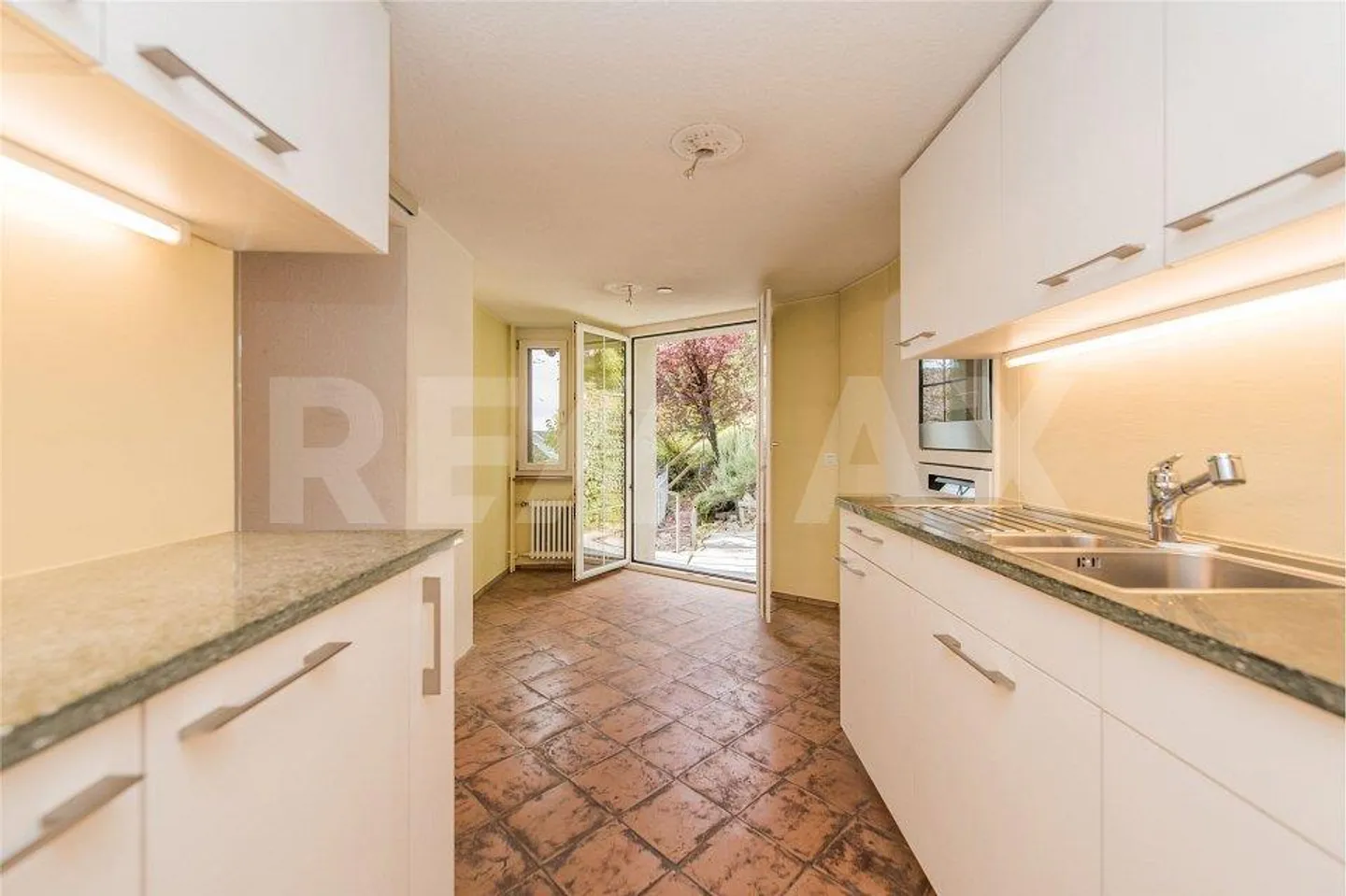 Charming 6-Room House in the Idyllic Village of Wängibad - Photo 4 of 12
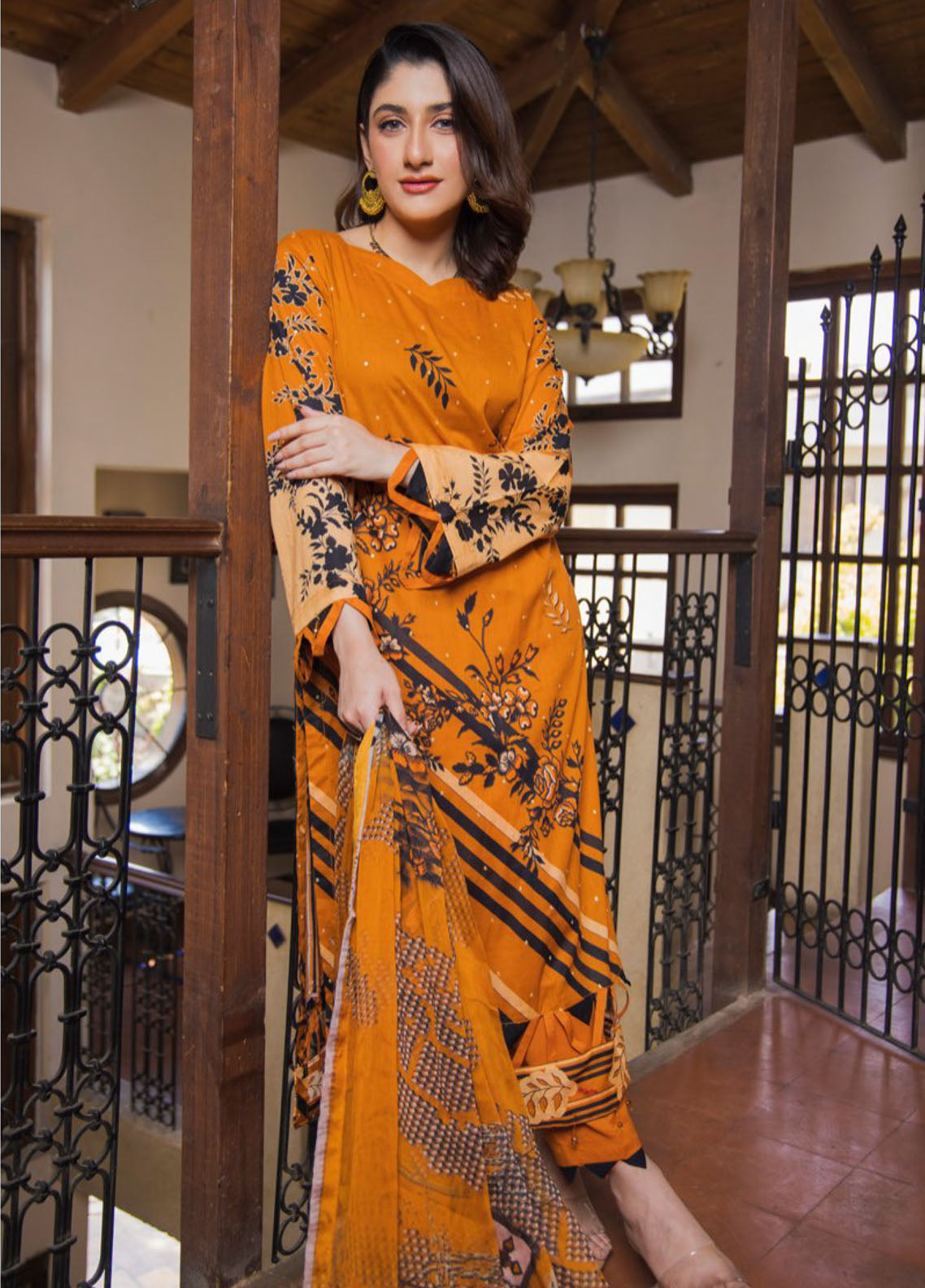 Sitara Gold By Schick Embroidered Lawn Unstitched 3 Piece Suit - SDH24SG 10 Sitara Gold By Schick Embroidered Lawn Unstitched 3 Piece Suit - SDH24SG 10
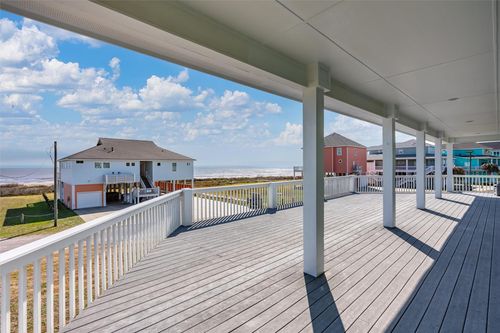 3125 James, Crystal Beach, TX, 77650 | Card Image
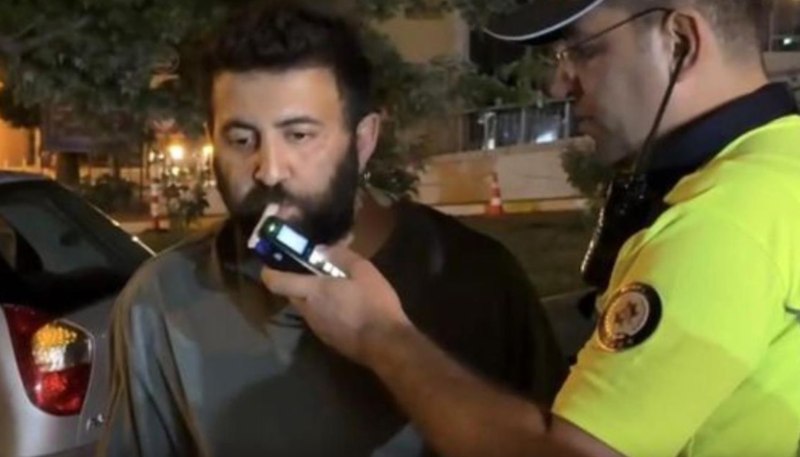 Alkotesterdən keçən sürücünün sevinci gündəm oldu - VİDEO Alkotesterdən keçən sürücünün sevinci gündəm oldu - VİDEO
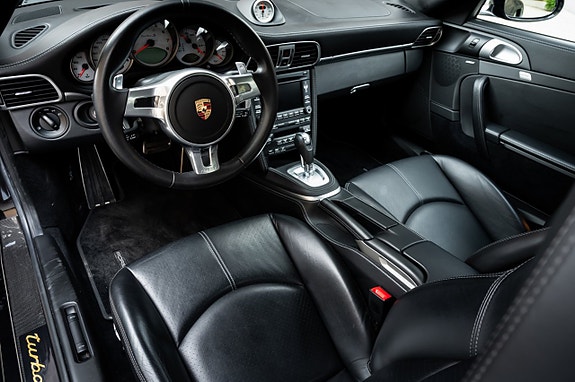 Porsche 911 23 of 30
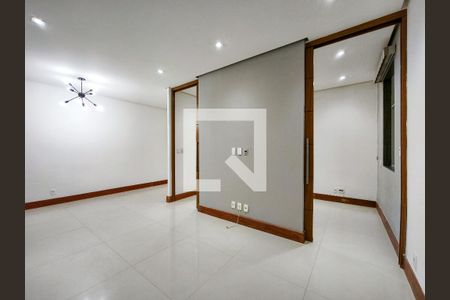 Sala de casa para alugar com 2 quartos, 160m² em Vila Isabel, Rio de Janeiro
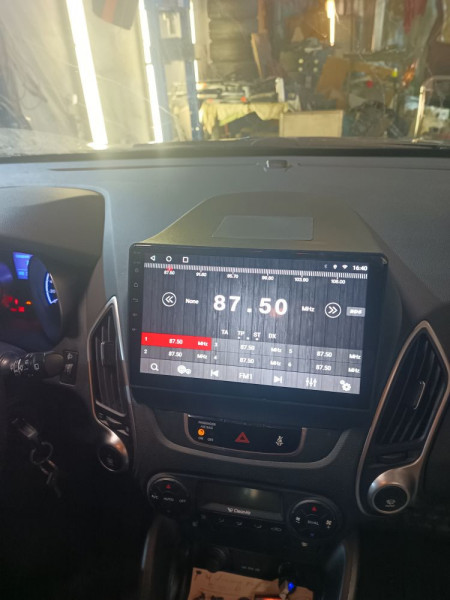 Установка Android магнитолы и камеры заднего вида на Hyundai ix35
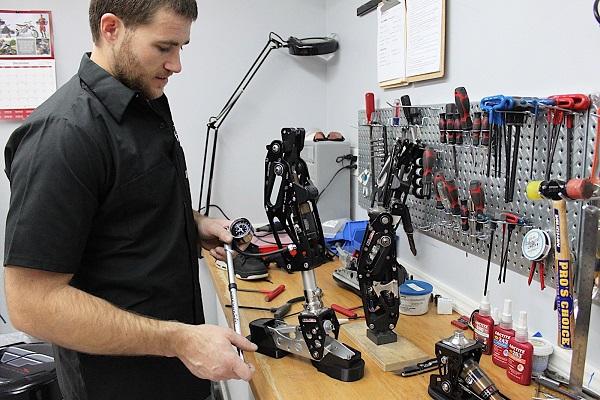 Американский паралимпиец создает собственные протезы ног с помощью 3D-принтеров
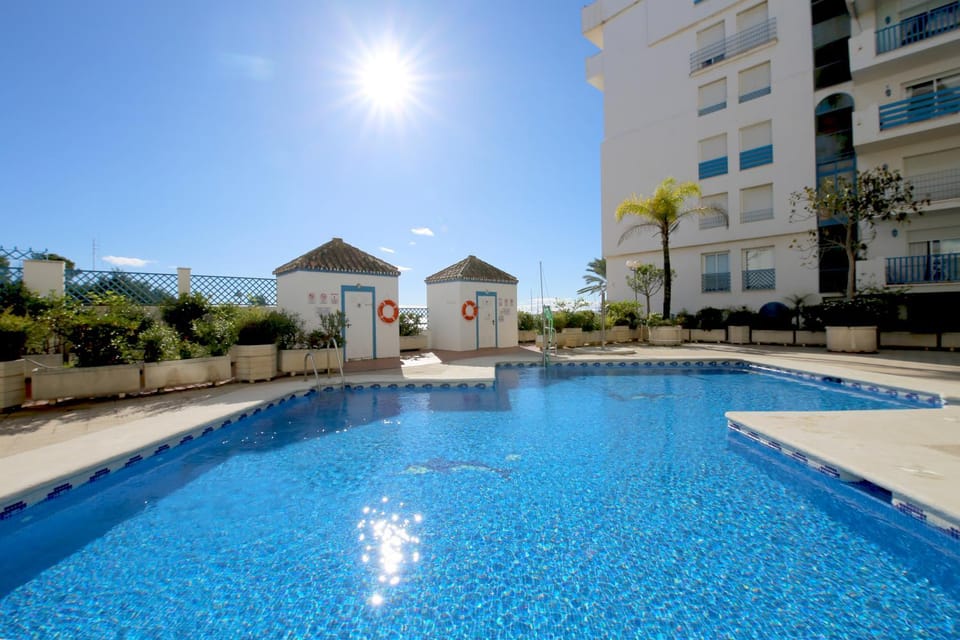 Property building, Swimming pool, Swimming pool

▸ Directions: Retype the entries above word for word, minus any images.

▸ Response to the task:
 Charming 6-Room House in the Idyllic Village of Wängibad - Photo 4 of 12
 Sitara Gold By Schick Embroidered Lawn Unstitched 3 Piece Suit - SDH24SG 10 Sitara Gold By Schick Embroidered Lawn Unstitched 3 Piece Suit - SDH24SG 10
 3125 James, Crystal Beach, TX, 77650 | Card Image
 Alkotesterdən keçən sürücünün sevinci gündəm oldu - VİDEO Alkotesterdən keçən sürücünün sevinci gündəm oldu - VİDEO
 Porsche 911 23 of 30
 Sala de casa para alugar com 2 quartos, 160m² em Vila Isabel, Rio de Janeiro
 Установка Android магнитолы и камеры заднего вида на Hyundai ix35
 Американский паралимпиец создает собственные протезы ног с помощью 3D-принтеров
 Property building, Swimming pool, Swimming pool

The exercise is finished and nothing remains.